肥料の一種である堆肥は、辞書上では“わら、雑草、落葉、海藻などを積み重ね、水や硫安などの窒素を適度に補給しながら切り返し、腐らせたもの(引用元:精選版 日本国語大辞典)”と記載されています。
堆肥には、窒素、リン酸、カリウムなどの栄養成分が作物に吸収しやすい形で含まれているため施肥効果が高く、またその効果が長く持続し、地力を増大させることから土壌改良剤としても利用されます。
そんな堆肥について気になる疑問を見つけました。それは「堆肥だけで栽培は可能か」というものです。

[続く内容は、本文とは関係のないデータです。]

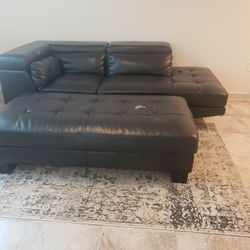 Couch With Table Pet Free Smoke Free Home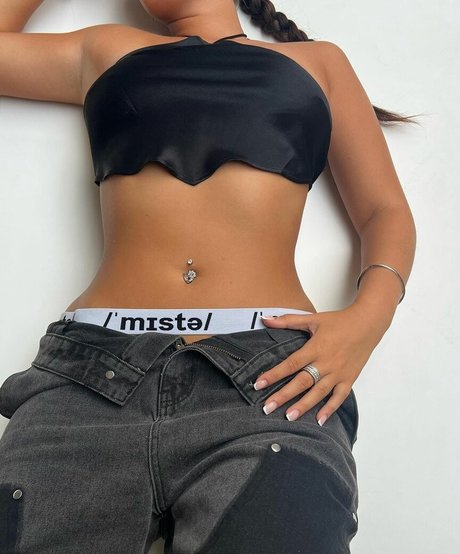 Isabella Evans xxxモデル 画像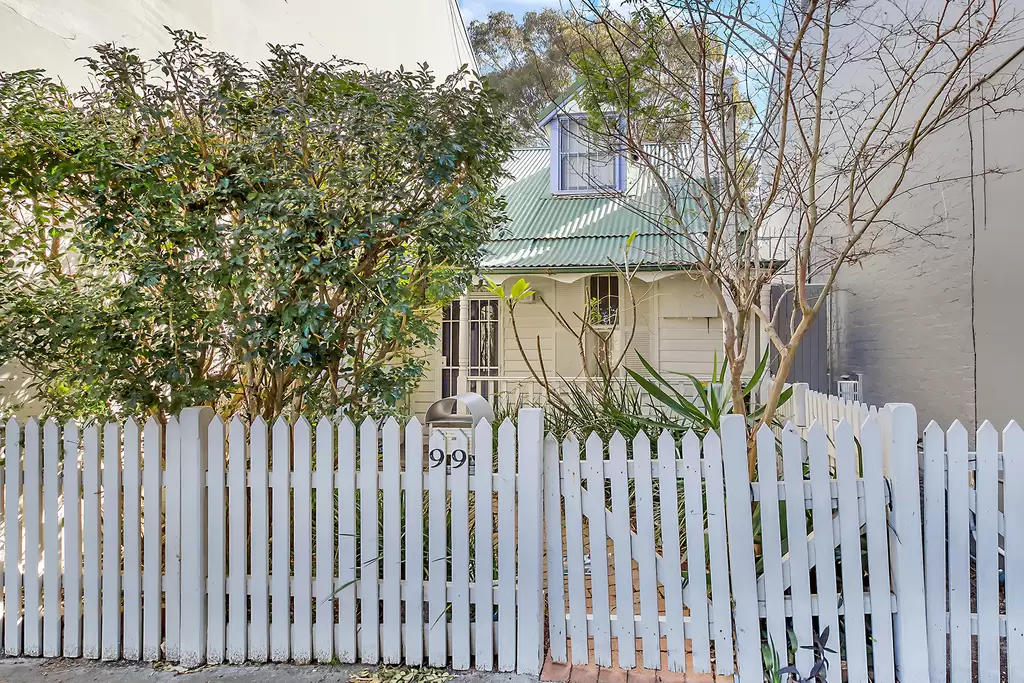 99 Greens Road, Paddington Leased by Bradfield Badgerfox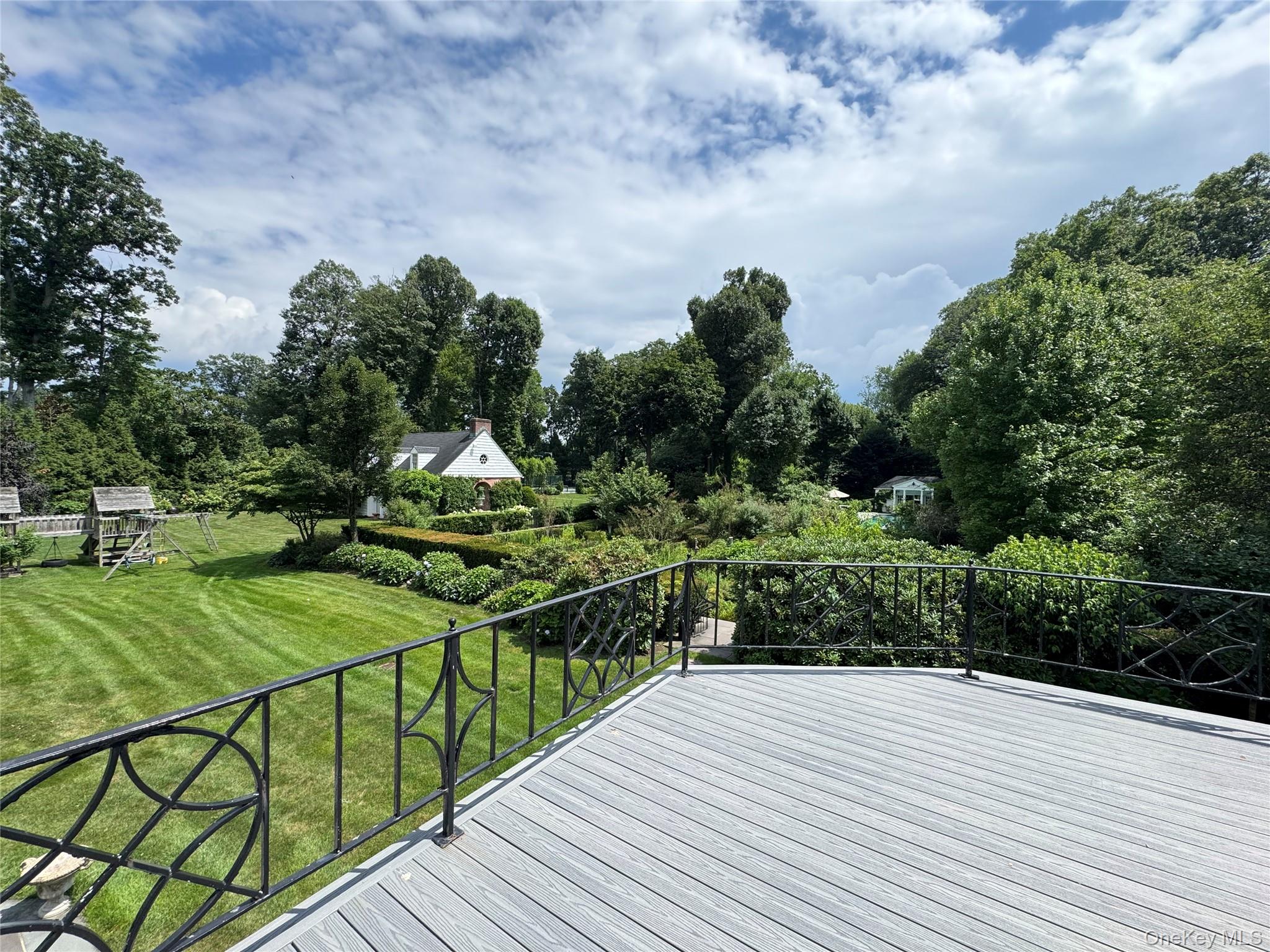 8 Stonegate Lane – For Sale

堆肥だけを利用して植物を栽培することは可能なのでしょうか。
堆肥だけの栽培は……
結論から申し上げると、堆肥だけで作物を栽培することはおすすめできません。
冒頭で紹介した「畑の土は堆肥だけではダメですか」という質問(園芸相談センターの過去ログ)への回答にもありますが、堆肥だけだと“窒素過多でつるぼけしやすい”とあります。加えて、堆肥中の成分は堆肥の材料として何を利用するかによって変わります。
たとえば上記回答の場合、市販の牛糞堆肥のみで栽培したところ、ホウレンソウとコマツナは栽培できたものの、ジャガイモはつるぼけを起こして肥大せず、ナスやトマトは病気になったと記載されています。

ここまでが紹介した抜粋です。